Like most people, I have very ambivalent feelings on the topic of euthanasia. I have watched as people suffered needlessly and wished privately that I might have done something merciful to put them out of their misery. On the other hand, my experiences have also taught me that quality of life cannot be measured arbitrarily across the board by any one person since everyone has their own criteria as to what constitutes quality.
So it was with great anticipation that I recently attended a lecture on the topic of euthanasia given by a well-known author and ethicist, a staunch opponent of euthanasia. Fair enough. I went with an open mind and I found what she had to say riveting and thought-provoking. I was disappointed, however, at her inflexible attitude during the Q and A that followed. What I had hoped for was dialogue. What I got instead, was dogma.
All good and fine for someone who is healthy to take an anti-euthanasia stand. But for an elder who might be tired of a long and lonely existence, someone who knows he or she is ill beyond repair and is suffering both physically and emotionally, it might seem like an answer to their prayers.
One of the problems, or so said the lady giving the lecture, is our collective inability to have meaningful "death talks" on a regular basis as we used to do when we were more religious. With religion seemingly no longer playing pivotal roles in our lives, we have lost both the venues and the traditions that made our impending demise a normal part of living. Death has thus become a very frightening topic.

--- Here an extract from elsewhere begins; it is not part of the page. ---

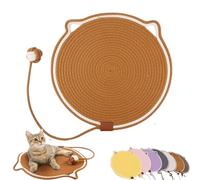 ZHKVAG Celery Pets Dual Scratching Pad, Scratching Pads for Indoor Cats, Cat Scratch Pads, Cat Scratching Mat Natural Cotton Rope Cat Scratching Pad,Large Size Cat Bed Cat Scratching Pad (20in,Brown)
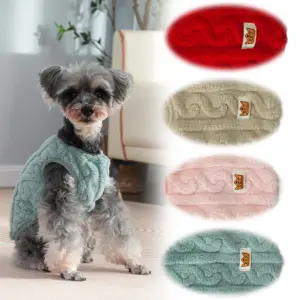 colete de lã para cães pequenos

As well, we have a habit of hiding our frail elderly in hospitals and institutions rather than keeping them at home as previous generations did, further restricting our daily contact with those in our circle preparing to make their exit. It does not bode well for any of us that we continue to encourage staying youthful at all costs over....pardon me for the obvious....aging gracefully and thereby accepting our eventual demise and even preparing for it.
Personally, I believe very strongly that I have the right to choose the manner of my own exit. Though I am not saying that I would want, necessarily, to be euthanized, and by that I mean having a doctor administer a lethal dose of something, I would like to think that in the case of great and prolonged suffering, it might be an alternative offered to me.
As I write this, a woman in my neighbourhood is making sure her very old, blind, incontinent and arthritic dog is getting one last hug before being put to sleep. She took her faithful companion to the country over the weekend so he could have one last sniff in the woods, lie in the sun and listen to the lake water lapping on the shore while she gently stroked him.
While I appreciate that one cannot compare a person to a pet, I think there are instances where animals get shown more mercy than people.